It takes almost no time to fall in love with every deliberately carved intricately beautifully flawed character in Book #3.
Before I finish the first chapter a little bell of longing rings in my stomach.
I wished I could share this book with my daughter.
The only book I’ve asked her to read was A Tree Grows in Brooklyn. I checked it out when I was 8, and have read it 1,000 times since.
Zoe didn’t find the book an attractive alternative to some pretty little bitches or whatever series she was reading.
Since then, I’ve left her alone when it comes to books and authors and all that.
She reads a lot, I read a lot, but we don’t cross book-paths, not since our Barney days together.
And anyway, what kind of mother could ask her daughter to willingly walk into THIS story, knowing it would make her cry?
I didn’t mention the book to her or to my Mom or anyone else who could distract me from doing anything but reading it and reading it and it only just kept getting smarter and more beautifully awesomely delightful.
Halfway through the book I couldn’t take it anymore, so I called out to my daughter who was just on the other side of the room, supervising her brother’s attempt at creating an indoor weapons firing range for himself with Christmas ornaments and such.

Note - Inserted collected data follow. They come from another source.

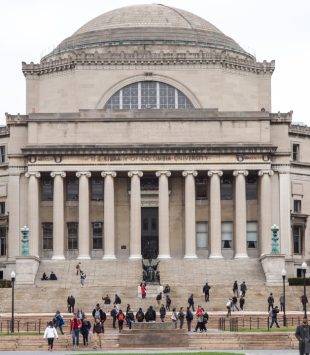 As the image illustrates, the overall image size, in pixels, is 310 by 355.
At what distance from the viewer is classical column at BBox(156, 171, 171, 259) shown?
105562 mm

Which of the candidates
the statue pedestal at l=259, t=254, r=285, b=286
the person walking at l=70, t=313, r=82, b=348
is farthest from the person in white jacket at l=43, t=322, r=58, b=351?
the statue pedestal at l=259, t=254, r=285, b=286

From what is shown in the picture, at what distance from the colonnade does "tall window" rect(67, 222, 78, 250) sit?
1726mm

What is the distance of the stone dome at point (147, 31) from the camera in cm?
11756

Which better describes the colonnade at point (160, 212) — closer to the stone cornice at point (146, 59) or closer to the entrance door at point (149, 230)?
the entrance door at point (149, 230)

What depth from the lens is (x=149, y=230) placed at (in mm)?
109188

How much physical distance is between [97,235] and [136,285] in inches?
551

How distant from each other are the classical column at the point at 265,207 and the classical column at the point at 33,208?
18.5 m

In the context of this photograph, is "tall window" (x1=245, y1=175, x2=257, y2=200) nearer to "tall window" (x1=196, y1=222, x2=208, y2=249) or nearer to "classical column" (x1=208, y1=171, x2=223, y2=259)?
"classical column" (x1=208, y1=171, x2=223, y2=259)

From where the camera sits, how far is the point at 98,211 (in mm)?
108750

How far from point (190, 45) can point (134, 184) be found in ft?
57.1

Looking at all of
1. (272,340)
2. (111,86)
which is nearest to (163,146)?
(111,86)

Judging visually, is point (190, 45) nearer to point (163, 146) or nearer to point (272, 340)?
point (163, 146)

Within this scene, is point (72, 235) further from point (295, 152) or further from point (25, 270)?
point (295, 152)

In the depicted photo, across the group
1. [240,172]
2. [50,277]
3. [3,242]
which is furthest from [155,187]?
[3,242] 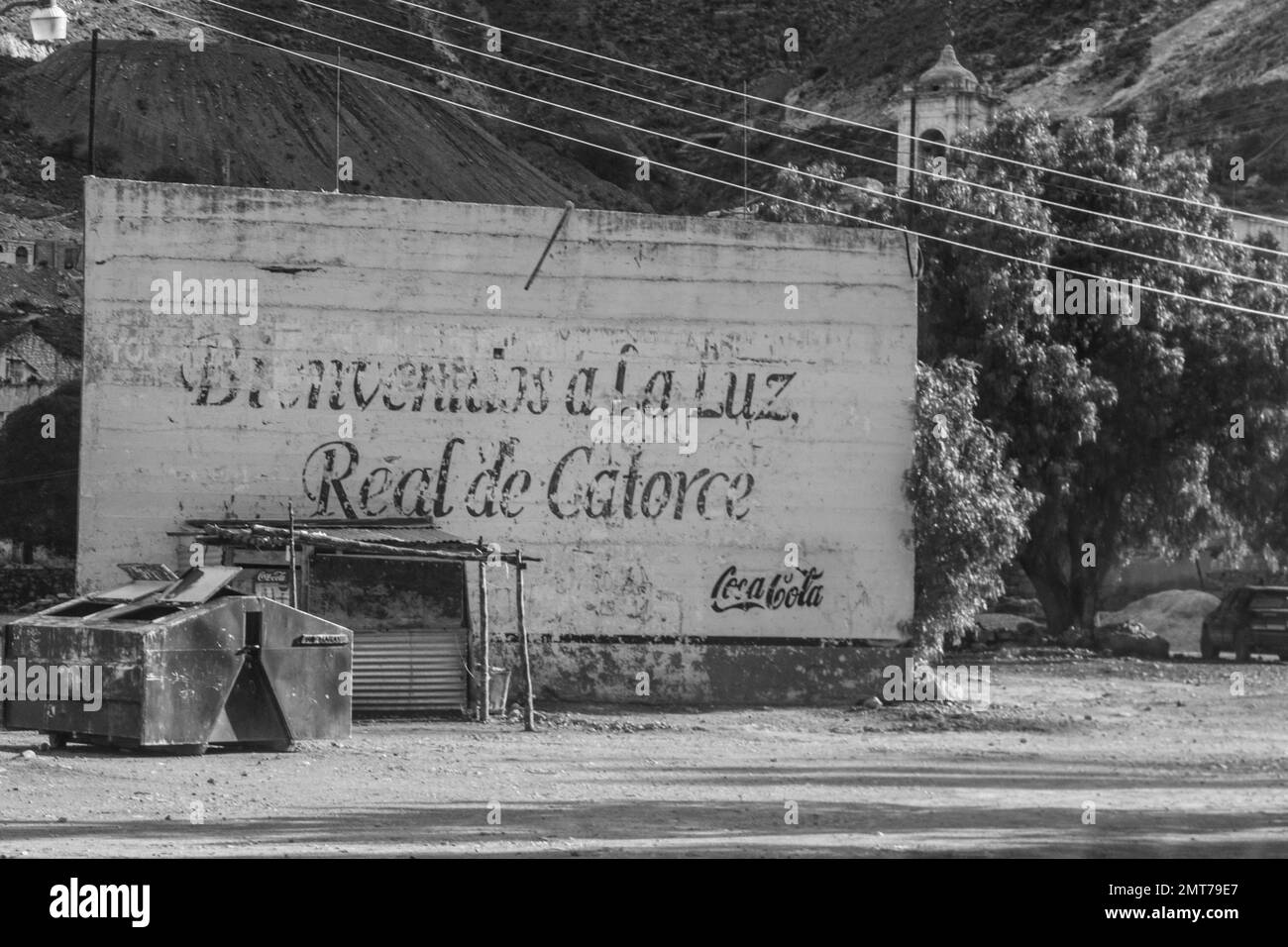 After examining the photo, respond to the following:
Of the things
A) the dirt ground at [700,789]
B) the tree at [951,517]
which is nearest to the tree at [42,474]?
the tree at [951,517]

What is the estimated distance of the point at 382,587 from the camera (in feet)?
73.5

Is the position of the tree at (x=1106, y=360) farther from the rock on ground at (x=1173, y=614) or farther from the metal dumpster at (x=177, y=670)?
the metal dumpster at (x=177, y=670)

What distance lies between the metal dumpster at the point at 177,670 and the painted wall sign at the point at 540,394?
5213 mm

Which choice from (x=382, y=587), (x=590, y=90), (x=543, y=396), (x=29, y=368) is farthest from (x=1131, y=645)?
(x=590, y=90)

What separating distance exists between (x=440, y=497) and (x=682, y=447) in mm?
3021

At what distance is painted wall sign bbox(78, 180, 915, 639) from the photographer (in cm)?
2244

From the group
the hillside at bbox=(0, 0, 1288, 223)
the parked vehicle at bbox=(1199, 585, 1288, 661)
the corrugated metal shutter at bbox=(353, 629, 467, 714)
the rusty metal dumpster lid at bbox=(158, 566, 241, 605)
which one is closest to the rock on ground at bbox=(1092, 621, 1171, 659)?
the parked vehicle at bbox=(1199, 585, 1288, 661)

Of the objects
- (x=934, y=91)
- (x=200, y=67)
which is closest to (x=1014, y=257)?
(x=934, y=91)

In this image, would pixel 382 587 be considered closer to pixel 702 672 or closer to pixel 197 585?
pixel 702 672

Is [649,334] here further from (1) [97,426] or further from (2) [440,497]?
(1) [97,426]

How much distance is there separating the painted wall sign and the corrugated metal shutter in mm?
1743

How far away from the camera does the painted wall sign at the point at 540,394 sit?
22.4 metres

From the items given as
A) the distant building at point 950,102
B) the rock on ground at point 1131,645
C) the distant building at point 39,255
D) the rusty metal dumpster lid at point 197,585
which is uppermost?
the distant building at point 950,102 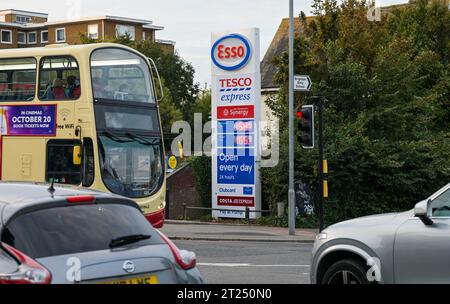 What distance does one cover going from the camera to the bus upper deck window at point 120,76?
18312 millimetres

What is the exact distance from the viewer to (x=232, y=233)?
83.8 feet

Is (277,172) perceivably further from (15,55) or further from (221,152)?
(15,55)

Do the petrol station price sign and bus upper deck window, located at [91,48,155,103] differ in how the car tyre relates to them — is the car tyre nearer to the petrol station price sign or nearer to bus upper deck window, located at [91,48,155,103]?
bus upper deck window, located at [91,48,155,103]

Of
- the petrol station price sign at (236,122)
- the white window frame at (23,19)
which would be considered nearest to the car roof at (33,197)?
the petrol station price sign at (236,122)

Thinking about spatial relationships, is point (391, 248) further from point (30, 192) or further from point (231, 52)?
point (231, 52)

Zoe, this book is a book about a girl who deeply loves a book. And I love books and I love THIS book Zoe. It’s SO good!
Zoe stands up and covers her hand with her mouth.

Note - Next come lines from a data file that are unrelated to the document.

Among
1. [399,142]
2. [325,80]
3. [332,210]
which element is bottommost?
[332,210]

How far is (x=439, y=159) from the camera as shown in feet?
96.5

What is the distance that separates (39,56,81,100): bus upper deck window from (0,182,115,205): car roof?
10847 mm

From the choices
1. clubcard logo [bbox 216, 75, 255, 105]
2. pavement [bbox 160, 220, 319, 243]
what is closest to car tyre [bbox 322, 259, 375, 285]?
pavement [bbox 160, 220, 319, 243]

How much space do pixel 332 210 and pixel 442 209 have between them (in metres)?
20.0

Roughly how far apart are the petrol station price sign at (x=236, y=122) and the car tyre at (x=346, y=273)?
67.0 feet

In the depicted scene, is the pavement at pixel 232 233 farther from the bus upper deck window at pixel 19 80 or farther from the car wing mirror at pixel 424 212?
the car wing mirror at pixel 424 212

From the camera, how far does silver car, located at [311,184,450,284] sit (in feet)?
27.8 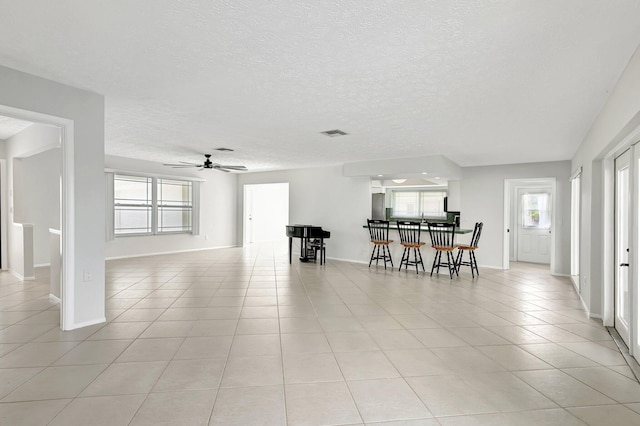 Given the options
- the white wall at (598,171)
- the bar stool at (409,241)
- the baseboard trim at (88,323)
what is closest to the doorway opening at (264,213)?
the bar stool at (409,241)

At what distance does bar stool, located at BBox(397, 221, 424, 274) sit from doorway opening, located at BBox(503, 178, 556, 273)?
104 inches

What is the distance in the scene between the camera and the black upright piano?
7.65m

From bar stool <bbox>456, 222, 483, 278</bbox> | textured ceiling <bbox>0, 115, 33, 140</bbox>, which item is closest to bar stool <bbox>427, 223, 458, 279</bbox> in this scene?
bar stool <bbox>456, 222, 483, 278</bbox>

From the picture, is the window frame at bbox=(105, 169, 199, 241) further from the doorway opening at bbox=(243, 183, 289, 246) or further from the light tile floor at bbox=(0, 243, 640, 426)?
the light tile floor at bbox=(0, 243, 640, 426)

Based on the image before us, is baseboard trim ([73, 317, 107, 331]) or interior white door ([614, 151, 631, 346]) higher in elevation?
interior white door ([614, 151, 631, 346])

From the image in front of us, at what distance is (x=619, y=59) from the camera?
2.33 m

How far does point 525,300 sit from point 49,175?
8531 mm

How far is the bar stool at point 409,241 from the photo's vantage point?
6656 millimetres

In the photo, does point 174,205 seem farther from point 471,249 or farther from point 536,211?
point 536,211

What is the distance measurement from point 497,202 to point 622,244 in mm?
4223

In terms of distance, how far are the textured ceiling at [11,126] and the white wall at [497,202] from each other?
804cm

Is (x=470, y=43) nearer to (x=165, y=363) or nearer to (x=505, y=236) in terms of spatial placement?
(x=165, y=363)

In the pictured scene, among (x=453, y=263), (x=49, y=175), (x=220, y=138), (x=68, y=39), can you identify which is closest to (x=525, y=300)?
(x=453, y=263)

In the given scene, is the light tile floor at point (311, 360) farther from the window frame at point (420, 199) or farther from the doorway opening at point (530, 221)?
the window frame at point (420, 199) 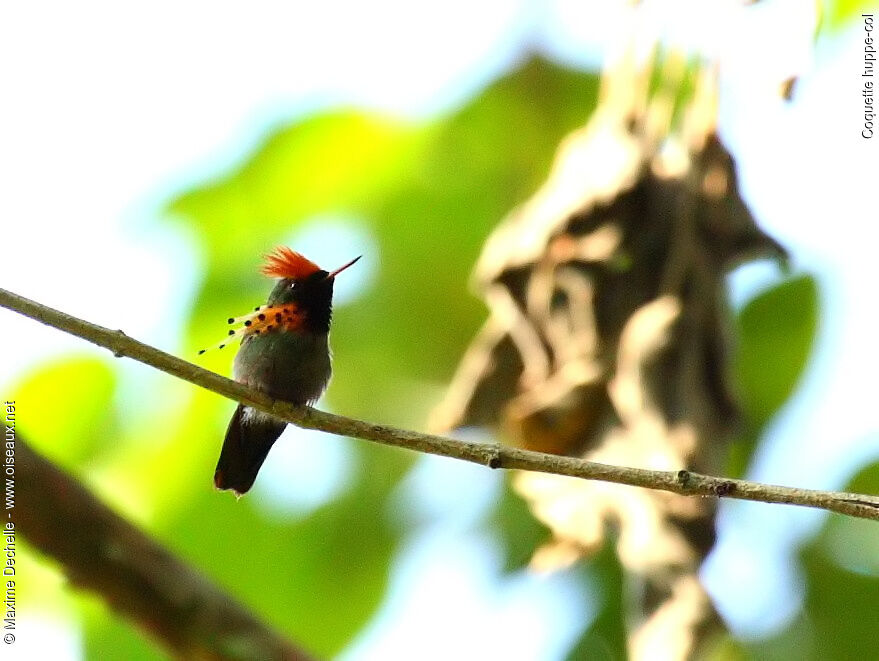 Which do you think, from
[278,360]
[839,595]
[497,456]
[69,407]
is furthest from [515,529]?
[497,456]

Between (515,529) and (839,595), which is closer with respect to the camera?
(839,595)

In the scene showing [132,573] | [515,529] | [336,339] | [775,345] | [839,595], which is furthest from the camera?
[336,339]

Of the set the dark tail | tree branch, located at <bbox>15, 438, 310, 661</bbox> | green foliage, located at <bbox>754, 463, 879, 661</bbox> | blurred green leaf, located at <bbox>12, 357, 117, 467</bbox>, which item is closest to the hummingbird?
the dark tail

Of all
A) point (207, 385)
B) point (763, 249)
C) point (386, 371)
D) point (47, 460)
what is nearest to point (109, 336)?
point (207, 385)

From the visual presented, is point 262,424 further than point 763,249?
Yes

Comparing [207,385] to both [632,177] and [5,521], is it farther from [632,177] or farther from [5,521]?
[632,177]

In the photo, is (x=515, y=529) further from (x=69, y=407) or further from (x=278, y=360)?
(x=69, y=407)

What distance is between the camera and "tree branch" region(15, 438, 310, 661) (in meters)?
3.76

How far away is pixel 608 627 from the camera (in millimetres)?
4648

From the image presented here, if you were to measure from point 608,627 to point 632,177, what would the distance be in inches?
80.0

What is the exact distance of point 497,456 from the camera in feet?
8.64

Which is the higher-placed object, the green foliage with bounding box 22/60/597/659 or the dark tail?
the green foliage with bounding box 22/60/597/659

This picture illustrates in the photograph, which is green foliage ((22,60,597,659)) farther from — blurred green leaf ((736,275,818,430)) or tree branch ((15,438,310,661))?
blurred green leaf ((736,275,818,430))

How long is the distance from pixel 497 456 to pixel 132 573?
1843 mm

Mom, WHAT are you reading?
I hold up the book.
My daughter steps closer and reads the title.
You’re reading THAT book? OH MOM…. She backs away, eyes wide in shock, hand still covering her mouth. That’s the book with Augustus, right? RIGHT MOM??
I nod. This is my NEW favorite book and my NEW favorite author.
I am sure of this already, not even knowing yet how the book will end and what pain will demand to be felt in exchange for a book shaped field trip to this particular castle in the sky.
Mom, he’s MY favorite author. I’ve read everything by him. You gave me one of his books for my birthday, it’s in my room. Hold the book up I need a picture for my friends.
I do as I’m told, then sit quietly while she send it to her friends.
You can totally take us when it opens, it’s coming out as a film, you know that, right?
I nod my head.
This book is soooo good. The movie has to be good, it has to be or we will cry and throw tomatoes at the screen and never be happy again.
Zoe leans over the sofa and hugs my head. I’m not going to tell you how it ends, but you’re going to cry.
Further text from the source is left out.